━━━━━ PROVIDED DATA

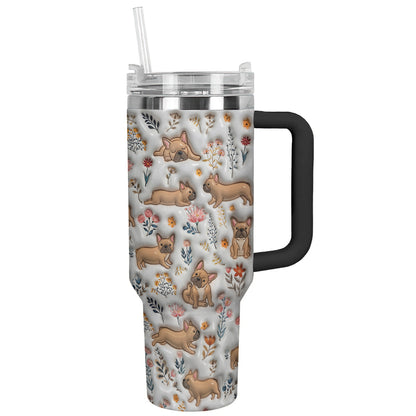 Lorva French Bulldog Tumbler Happy Field Flowers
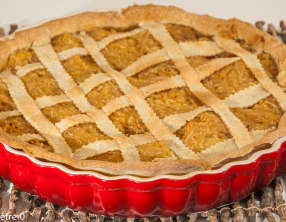 Tarte aux pommes, orange et fleur d'oranger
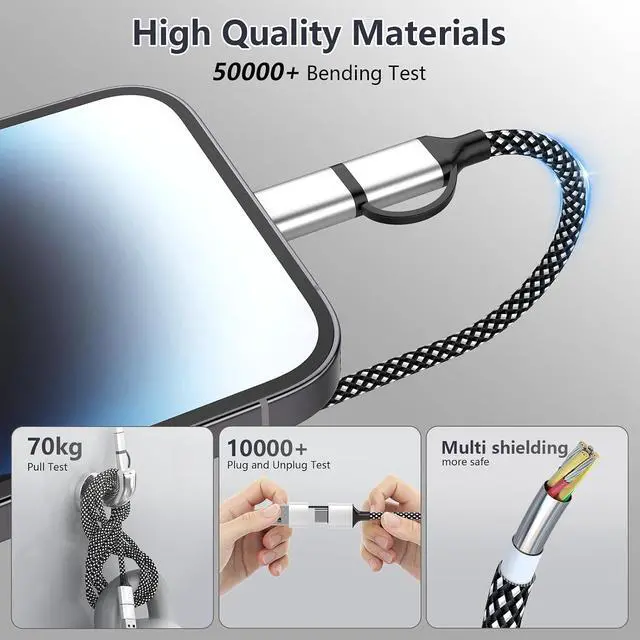 Alt view image 6 of 7 - 16FT Long Multi 4 in 1 USB C Cable Lightning Charging Cable,5M 60W Fast Charger & Data Transfer, Charger Cord with Lightning/Type C/USB A for 15/14/13/12,MacBook,,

━━━━━━━━━━

» TASK DETAILS:
Extract the full listing exactly, with the pictures left out.

» EXERCISE RESULT:
 Lorva French Bulldog Tumbler Happy Field Flowers
 Tarte aux pommes, orange et fleur d'oranger
 Alt view image 6 of 7 - 16FT Long Multi 4 in 1 USB C Cable Lightning Charging Cable,5M 60W Fast Charger & Data Transfer, Charger Cord with Lightning/Type C/USB A for 15/14/13/12,MacBook,,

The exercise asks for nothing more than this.